Monday, February 18, 2013

Chili-Rubbed Pork Tenderloin (Sous Vide)

Happy President's Day!

Just took the Adorable Monster out for his morning jaunt and fed him his kibble (poor thing doesn't eat human food). I may hit the farmer's market this morning and maybe do a little shopping with some friends. Dinner is still up in the air—any suggestions?

Was thinking of maybe making mussels and fries. Yum yum yum.

In the meantime, here's one of my favorite sous vide recipes I've made using my Sous Vide SupremeChili-Rubbed Pork Tenderloin. This dish was inspired by the restaurant Salt's Cure in Los Anegeles, which does a killer chili-rubbed braised pork shoulder over stone ground grits. I decided to cook a version of it with pork tenderloin and cooked sous vide, although this recipe could easily be made with conventional cooking methods as well.
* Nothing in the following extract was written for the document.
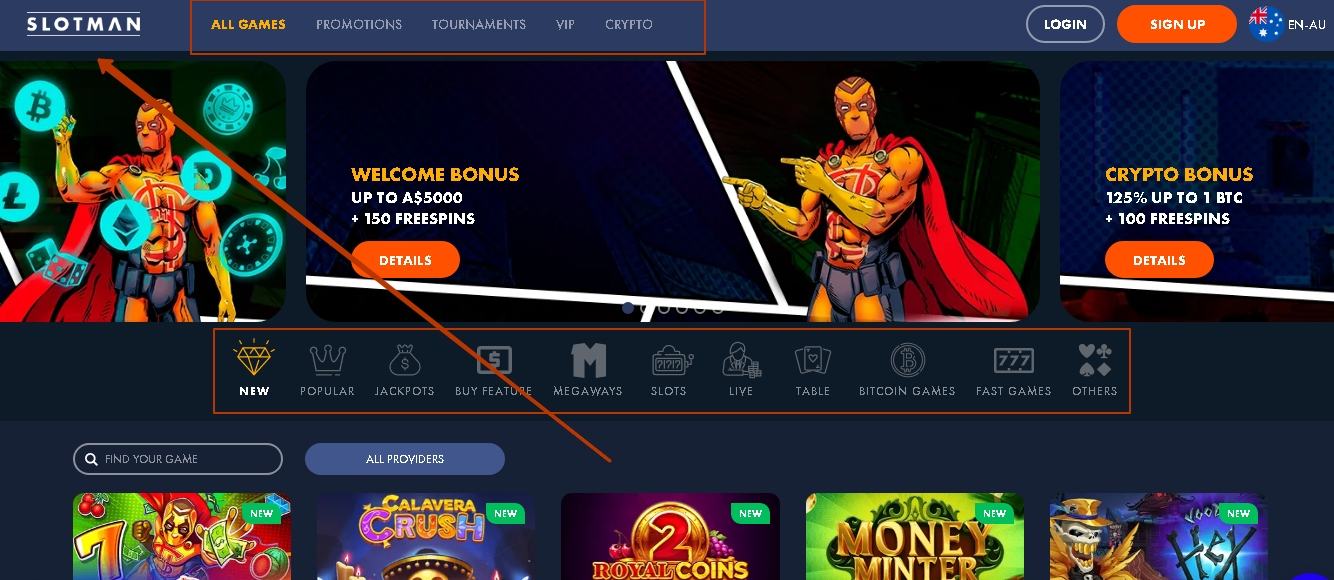 Slotman casino official website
I served it with an Apple-Ginger Relish (recipe here) and over stone ground grits. It can be plated individually, or served family style as I did for New Year's Eve.

Chili-Rubbed Pork Tenderloin (Sous Vide)

Serves 2 people
Prep time: 15 minutes; Sous Vide Cooking Time: 2.5 hours
Gluten-free; dairy-free


1 pork tenderloin (cut into two pieces/logs)
2 tablespoons chili powder
2 pats of butter
salt and pepper
2 tablespoons grapeseed oil (for searing)
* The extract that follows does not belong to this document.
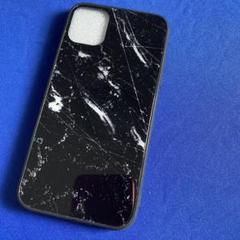 ブラック大理石調 スマホケース iPhone11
1. Fill the Sous Vide Supreme with water and preheat to 135-140 degrees, depending on desired degree of doneness (135 = medium rare and my preference, 140 = medium).

2. Meanwhile, rub the pork chops with the chili powder, salt, and pepper. Place each piece of pork tenderloin into a separate plastic bag with a pat of better. Vacuum seal both bags.
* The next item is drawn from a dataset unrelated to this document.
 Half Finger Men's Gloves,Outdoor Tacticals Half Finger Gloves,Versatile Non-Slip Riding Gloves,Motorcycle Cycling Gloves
3. Once the Sous Vide Supreme has reached the proper temperature (hint—filling it up with hot water will help it heat up faster), place the pork tenderloin bags in the water bath, making sure that the meat is submerged and that the bags are not touching each other. Cook the pork tenderloin in the Sous Vide Supreme for about two hours to reach pasteurization (though it can stay in longer).

4. Remove the pork tenderloin from the Sous Vide Supreme and cut open the bags to remove the meat. In a saute pan, heat the grapeseed oil over medium-high heat. Quickly, sear the pork tenderloin on all sides until nicely caramelized (about 1 minute per side). Remove from the pan and allow to rest for 5 minutes before slicing.

5. To plate, layer the slices and top with the Apple-Ginger Relish. Enjoy!

Monday, February 4, 2013

My Bookshelf: "Wheat Belly" by William Davis, MD

Let me start by saying that I have tons of great recipes to write up, already cooked, already photographed. Let me continue by saying that I'm crunched for time right now.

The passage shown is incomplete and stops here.